Tentu, anak kecil selalu malu-malu meski sejatinya mau-mau (banget). Kata "saya" pun sebenarnya hanya jadi senjata untuk mengerjai temannya. Padahal mereka ingin mengerjai temannya. Saya, pernah, begitu. Sungguh, pemandangan yang tetiba membawa ingatan saya berselancar puluhan tahun.
Tingkah anak-anak itu tak jauh berbeda di masa kami dahulu. Saling menunjuk dan iseng kepada teman-temannya. Tak jarang, satu sama lain bakal saling menyalahkan. Yang didorong merasa risih dan menjawil kepala temannya. Ujung-ujungnya saling ketawa.
Mengawali pagi itu, mata masih agak berat, ternyata mulut bisa terbuka lebar menyunggingkan senyum. Seriusan, ada kebahagiaan tersendiri mendapati anak-anak bertingkah semacam itu.

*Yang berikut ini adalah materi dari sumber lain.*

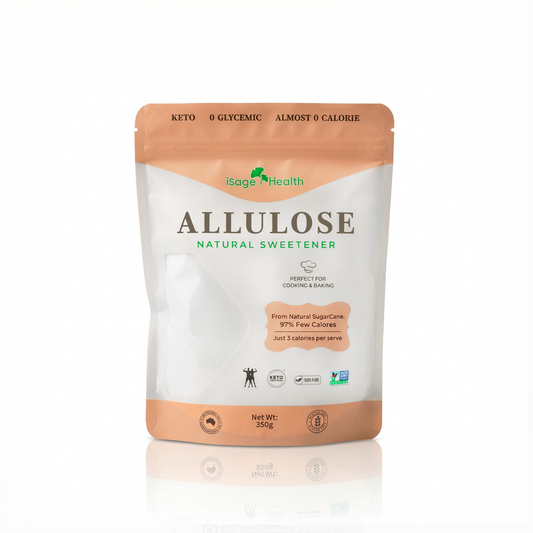 Allulose Rare Sugar Sweetener – Low GI Sugar Alternative | 350g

Betapa segala hal yang ditemui di kehidupan nyata terkadang tak henti menguras ingatan. Semacam deja vu masa lalu. Seolah-olah pikiran (memang) berkata, "Dulu saya seperti itu."
Di masa kanak-kanak, saya termasuk anak yang tingkat kejahilannya (bukan kejahiliyahan) cukup tinggi. Pun, parahnya, saya gemar mengerjai teman-teman saat sedang shalat. Tangan sengaja dibuka lebar-lebar ketika takbiratul ihram hingga mengenai kawan di sebelah saya. Telapak kaki kiri sengaja dimainkan saat duduk tahiyat akhir hingga menggelitiki paha teman di sebelah.
Tak heran, banyak anak-anak yang enggan bersebelahan dengan saya. Ya Tuhan, ampuni saya....
Di sekolah, saya gemar mencari semut hitam. Bukan semut yang gemar merubungi makanan manis. Melainkan semut besar yang biasa bertebaran di semak-semak atau permukaan tanah lembab. Kalau bahasa Duri (Enrekang), disebutnya lintik pana.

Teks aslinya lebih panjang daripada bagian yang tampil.